Four of the federal court jurors who decided last week that The Washington Post libeled Mobil Oil Corp. president William P. Tavoulareas in a 1979 article initially supported the newspaper, but acceded to the position of the two other jurors in order to avoid a hung jury.
In the end, the critical factor in the jury's decision, according to three jurors interviewed this week, was the fact that the key source for the article on Tavoulareas' business dealings, shipping executive George Comnas, was not called as a witness by The Post's attorneys.

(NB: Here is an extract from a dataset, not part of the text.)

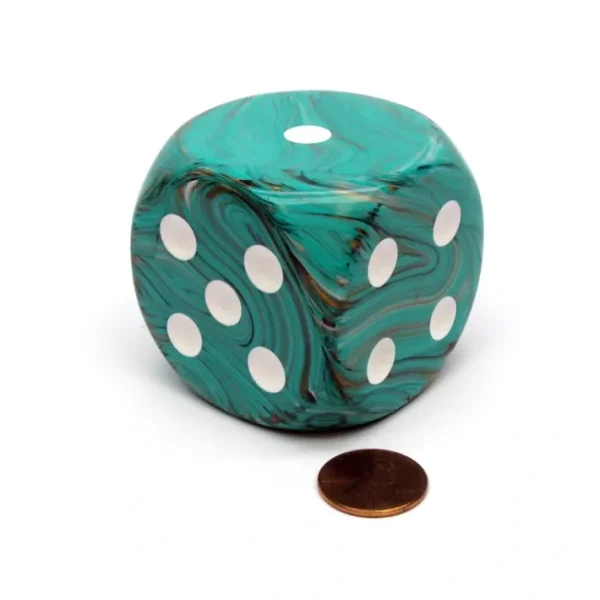 Marble 50mm Huge Large D6 Chessex Dice, 1 Piece - Oxi-Copper with White Pips - Your Source for Gaming Essentials Cheap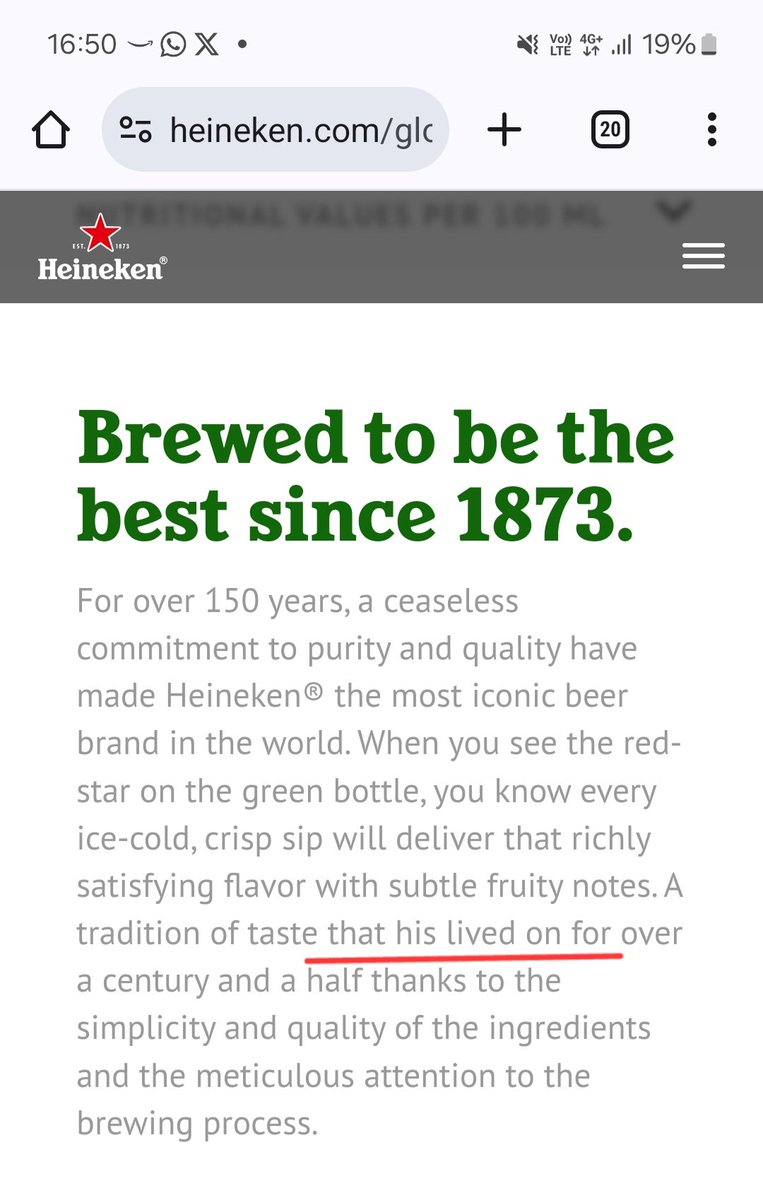 Hey <a href="/Heineken/">Heineken</a> <a href="/Heineken_US/">Heineken US</a> who is proofreading the content on your website? 🥴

One juror, who described herself as the last holdout before the jury decided in favor of Tavoulareas, said she agreed to the verdict because "the pressure was getting to me. I started having palpitations.

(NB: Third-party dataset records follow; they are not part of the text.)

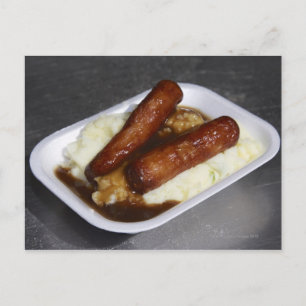 Postal Gastronomía rápida irlandesa servida en un poliest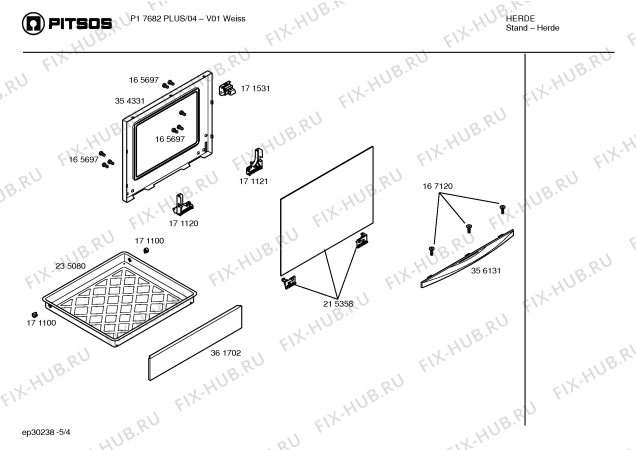 Схема №1 P17682PLUS с изображением Панель управления для плиты (духовки) Bosch 00356132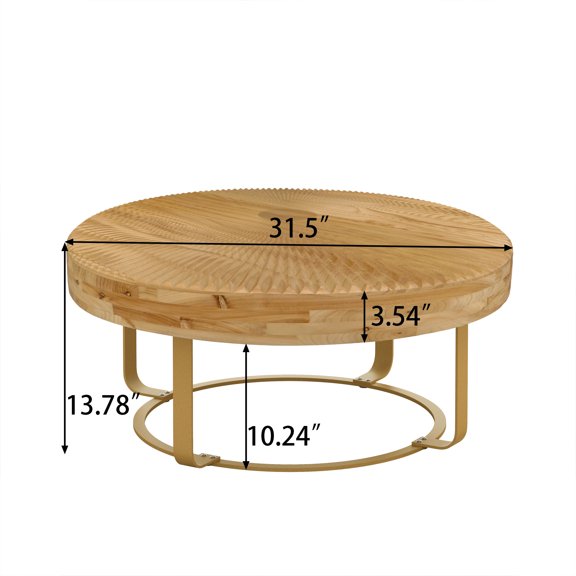 DUOSONG Modern Round Coffee Table Wooden Carving Pattern Coffee Table With Metal Legs For Living Room Reception Room Office Golden Natural+Gold Pine Furniture Primary Living Space Tables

"I don't know what happened to me," the juror said. "I think it was a wrong decision, a total wrong decision. It's been worrying me and worrying me.

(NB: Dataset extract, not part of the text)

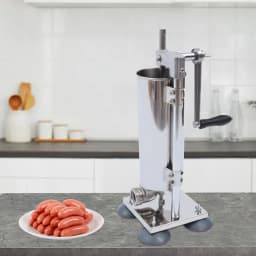 3L Vertical Manual Sausage Stuffer Machine Stainless Steel Sausage Maker with 4 Steel Tubes&7 PE Tubes Sausage Meat Filling Tool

"Really . . . it should have been" a hung jury, the woman said, declining to be identified by name.
The jury, after deliberating 18 1/2 hours over three days, found that the Nov. 30, 1979, article by reporter Patrick Tyler libeled the Mobil president and awarded him $2,050,000 in compensatory and punitive damages. The article detailed the 1974 creation of Atlas Maritime Co., a London-based shipping management firm in which Tavoulareas' son, Peter, was a partner and described how the company did business with the Saudi Maritime Co., a shipping firm in which Mobil is a partner.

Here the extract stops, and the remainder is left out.